Advisories for Cargo/Wasmtime package

2026

wasmtime has a panic when allocating a table exceeding the size of the host's address space

Wasmtime's allocation logic for a WebAssembly table contained checked arithmetic which panicked on overflow. This overflow is possible to trigger, and thus panic, when a table with an extremely large size is allocated. This is possible with the WebAssembly memory64 proposal where tables can have sizes in the 64-bit range as opposed to the previous 32-bit range which would not overflow. The panic happens when attempting to create a very …

Wasmtime with Winch compiler backend on aarch64 may allow a sandbox-escaping memory access

Wasmtime with its Winch (baseline) non-default compiler backend may allow properly constructed guest Wasm to access host memory outside of its linear-memory sandbox. This vulnerability requires use of the Winch compiler (-Ccompiler=winch). By default, Wasmtime uses its Cranelift backend, not Winch. With Winch, the same incorrect assumption is present in theory on both aarch64 and x86-64. The aarch64 case has an observed-working proof of concept, while the x86-64 case is …

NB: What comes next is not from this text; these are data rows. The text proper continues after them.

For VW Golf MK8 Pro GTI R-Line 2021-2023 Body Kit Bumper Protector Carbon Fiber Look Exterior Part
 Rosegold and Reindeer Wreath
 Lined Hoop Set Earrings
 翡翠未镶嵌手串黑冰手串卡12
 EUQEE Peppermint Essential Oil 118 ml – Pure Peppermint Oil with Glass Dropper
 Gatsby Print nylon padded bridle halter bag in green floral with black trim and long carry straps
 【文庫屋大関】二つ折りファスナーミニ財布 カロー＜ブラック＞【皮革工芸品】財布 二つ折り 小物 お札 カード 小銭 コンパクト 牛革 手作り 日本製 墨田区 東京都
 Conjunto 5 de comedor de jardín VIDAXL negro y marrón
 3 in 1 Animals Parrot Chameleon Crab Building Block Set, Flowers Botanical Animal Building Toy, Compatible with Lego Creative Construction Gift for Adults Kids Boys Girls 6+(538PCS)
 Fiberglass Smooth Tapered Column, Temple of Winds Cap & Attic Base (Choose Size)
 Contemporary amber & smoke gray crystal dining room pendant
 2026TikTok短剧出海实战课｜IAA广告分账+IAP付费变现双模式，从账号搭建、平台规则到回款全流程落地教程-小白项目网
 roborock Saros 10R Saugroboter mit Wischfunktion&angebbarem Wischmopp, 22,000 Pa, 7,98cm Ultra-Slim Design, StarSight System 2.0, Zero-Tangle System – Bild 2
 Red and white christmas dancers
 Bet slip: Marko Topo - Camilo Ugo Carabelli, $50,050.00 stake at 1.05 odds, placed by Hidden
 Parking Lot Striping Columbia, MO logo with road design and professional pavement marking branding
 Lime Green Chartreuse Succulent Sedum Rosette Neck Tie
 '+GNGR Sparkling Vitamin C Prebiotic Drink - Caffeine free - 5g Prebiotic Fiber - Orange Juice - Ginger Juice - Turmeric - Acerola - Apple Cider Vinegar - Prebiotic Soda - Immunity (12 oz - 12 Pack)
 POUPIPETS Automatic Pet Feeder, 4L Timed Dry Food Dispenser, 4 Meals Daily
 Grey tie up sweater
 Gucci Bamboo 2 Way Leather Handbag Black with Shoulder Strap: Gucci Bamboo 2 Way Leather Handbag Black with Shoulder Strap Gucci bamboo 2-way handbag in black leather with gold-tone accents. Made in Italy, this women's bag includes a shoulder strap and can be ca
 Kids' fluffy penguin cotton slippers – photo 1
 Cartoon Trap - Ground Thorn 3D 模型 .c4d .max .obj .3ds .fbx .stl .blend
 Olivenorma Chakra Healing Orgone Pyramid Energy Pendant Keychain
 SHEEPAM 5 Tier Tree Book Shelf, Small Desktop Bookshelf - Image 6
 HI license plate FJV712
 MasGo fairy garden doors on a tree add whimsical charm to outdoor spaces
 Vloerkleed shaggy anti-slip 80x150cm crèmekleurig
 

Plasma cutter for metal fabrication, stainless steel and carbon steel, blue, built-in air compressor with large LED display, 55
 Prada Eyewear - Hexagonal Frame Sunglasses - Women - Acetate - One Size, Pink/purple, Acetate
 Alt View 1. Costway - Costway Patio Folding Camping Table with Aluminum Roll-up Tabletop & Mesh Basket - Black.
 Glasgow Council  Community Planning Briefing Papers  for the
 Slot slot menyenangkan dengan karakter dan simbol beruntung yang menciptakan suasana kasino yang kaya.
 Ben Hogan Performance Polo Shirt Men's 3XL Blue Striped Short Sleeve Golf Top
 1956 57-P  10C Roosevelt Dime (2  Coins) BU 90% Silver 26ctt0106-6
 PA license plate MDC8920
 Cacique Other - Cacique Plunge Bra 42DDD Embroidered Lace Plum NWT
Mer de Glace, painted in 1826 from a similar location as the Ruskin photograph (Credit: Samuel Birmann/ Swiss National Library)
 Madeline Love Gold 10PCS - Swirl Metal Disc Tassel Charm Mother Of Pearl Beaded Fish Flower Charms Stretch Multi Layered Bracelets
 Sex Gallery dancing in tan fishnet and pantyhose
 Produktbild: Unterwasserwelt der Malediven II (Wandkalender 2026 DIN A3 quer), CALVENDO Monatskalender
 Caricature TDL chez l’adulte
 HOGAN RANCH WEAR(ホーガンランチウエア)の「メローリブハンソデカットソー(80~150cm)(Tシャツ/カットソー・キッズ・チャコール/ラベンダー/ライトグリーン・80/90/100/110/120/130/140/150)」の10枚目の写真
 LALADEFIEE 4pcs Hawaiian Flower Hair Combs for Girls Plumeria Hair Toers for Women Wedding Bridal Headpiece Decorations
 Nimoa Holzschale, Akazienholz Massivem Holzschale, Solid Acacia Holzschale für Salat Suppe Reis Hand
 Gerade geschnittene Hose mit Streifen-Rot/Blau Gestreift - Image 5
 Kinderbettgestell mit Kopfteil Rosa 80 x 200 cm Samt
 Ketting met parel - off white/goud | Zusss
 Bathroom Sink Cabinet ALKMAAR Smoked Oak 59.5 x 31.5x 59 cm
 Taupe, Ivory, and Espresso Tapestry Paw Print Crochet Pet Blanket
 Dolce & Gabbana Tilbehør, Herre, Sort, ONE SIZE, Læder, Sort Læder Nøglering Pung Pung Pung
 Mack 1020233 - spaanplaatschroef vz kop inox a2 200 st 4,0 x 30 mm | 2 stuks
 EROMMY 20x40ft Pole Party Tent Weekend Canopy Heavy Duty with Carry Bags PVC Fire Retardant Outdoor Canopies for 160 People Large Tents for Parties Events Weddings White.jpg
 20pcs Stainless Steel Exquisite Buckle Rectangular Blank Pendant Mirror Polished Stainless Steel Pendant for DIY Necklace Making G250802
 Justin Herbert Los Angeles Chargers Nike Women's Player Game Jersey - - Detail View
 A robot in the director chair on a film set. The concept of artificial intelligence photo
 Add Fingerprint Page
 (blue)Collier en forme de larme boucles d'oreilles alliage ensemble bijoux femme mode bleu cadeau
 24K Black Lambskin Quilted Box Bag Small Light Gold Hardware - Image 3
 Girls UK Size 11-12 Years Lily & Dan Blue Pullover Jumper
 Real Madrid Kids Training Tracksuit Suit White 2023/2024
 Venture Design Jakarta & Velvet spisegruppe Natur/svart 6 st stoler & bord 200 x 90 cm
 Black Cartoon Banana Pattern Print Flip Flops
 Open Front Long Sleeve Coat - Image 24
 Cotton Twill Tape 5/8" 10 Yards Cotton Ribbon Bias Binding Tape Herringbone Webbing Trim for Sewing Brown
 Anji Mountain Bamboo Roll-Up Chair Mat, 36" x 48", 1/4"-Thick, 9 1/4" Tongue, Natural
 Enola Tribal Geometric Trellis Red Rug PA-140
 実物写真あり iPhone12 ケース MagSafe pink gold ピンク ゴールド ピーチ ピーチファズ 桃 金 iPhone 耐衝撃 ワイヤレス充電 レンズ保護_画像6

Wasmtime has improperly masked return value from `table.grow` with Winch compiler backend

Wasmtime's Winch compiler backend contains a bug where translating the table.grow operator causes the result to be incorrectly typed. For 32-bit tables this means that the result of the operator, internally in Winch, is tagged as a 64-bit value instead of a 32-bit value. This invalid internal representation of Winch's compiler state compounds into further issues depending on how the value is consumed. One example can be seen when the …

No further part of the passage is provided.